Standing at the edge of a rock on a beach in eastern Jeju City, environmental activist Kim Jung-do took a deep sigh looking at the plastic bottles and other waste.
“We can fill about 40 to 50 large trash bags with the waste from a 100-meter [328-foot] radius,” said Kim, a member of the Korean Federation for Environmental Movements.
Kim recommends the local government impose taxes on disposable items to reduce the amount of trash on the island.
Waste collected at beaches cannot be recycled due to its exposure to salt. And the beaches aren’t the only places with too much trash.
Daily waste on the island has almost doubled in the last few years from 764 tons a day in 2011 to 1,332 tons last year, according to a study by the local government.
The amount of trash sent to local incineration plants also rose from 198 tons a day in 2011 to 319 tons last year. An incineration plant can handle 200 tons a day.
Since 2015, Jeju Island has been compressing paper and polyethylene terephthalate, or PET, which is used to make plastic bottles, to send it to solid-recovered fuel (SRF) sites.
But these efforts can’t keep up with the trash. At one landfill in Hoecheon-dong, Jeju City, there are some 50,000 bags of compressed plastic and paper that weigh one ton each, creating a mountain of trash.
“There aren’t many places that take in compressed trash rejected by SRF sites for its low quality,” said Lim Yong-gu, an employee at Jeju’s environmental management office.
Local government points to the skyrocketing population and waves of tourists as the sources of the problem.
According to a population census carried out by authorities, since 2009, the number of residents in Jeju increased by 10,000 persons a year, to 683,000 people last year.
With budget airlines flying to Jeju, such as Jeju Air and Eastar Jet, the number of tourists increased by about three times from 5.8 million in 2008 to 14.8 million last year.
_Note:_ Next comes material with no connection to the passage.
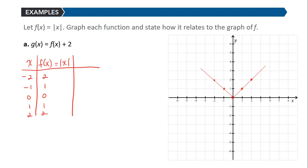Recall that the basic absolute value function is a v-shaped graph through the origin. It goes through (1, 1), (2, 2), (−1, 1), and (−2, 2). The graph we want to look at is g of x, which is equal to f of x plus 2.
But tourists aren’t the only ones to blame, as Jeju residents throw out 1.92 kilograms (4.23 pounds) of trash per person - twice the national average.
The waste piling up in Jeju has also caught international attention as the U.K.-based BBC News selected the island as one of five places “tackling too many visitors,” in an article released last month.
“Though the increasing number of tourists is also a problem, the bigger problem is the rate at which that number is rising,” said Kang Seong-il, professor of tourism at Jeju National University. “We’re seeing a sudden rise in the number of tourists when we’re not ready to have that many people.”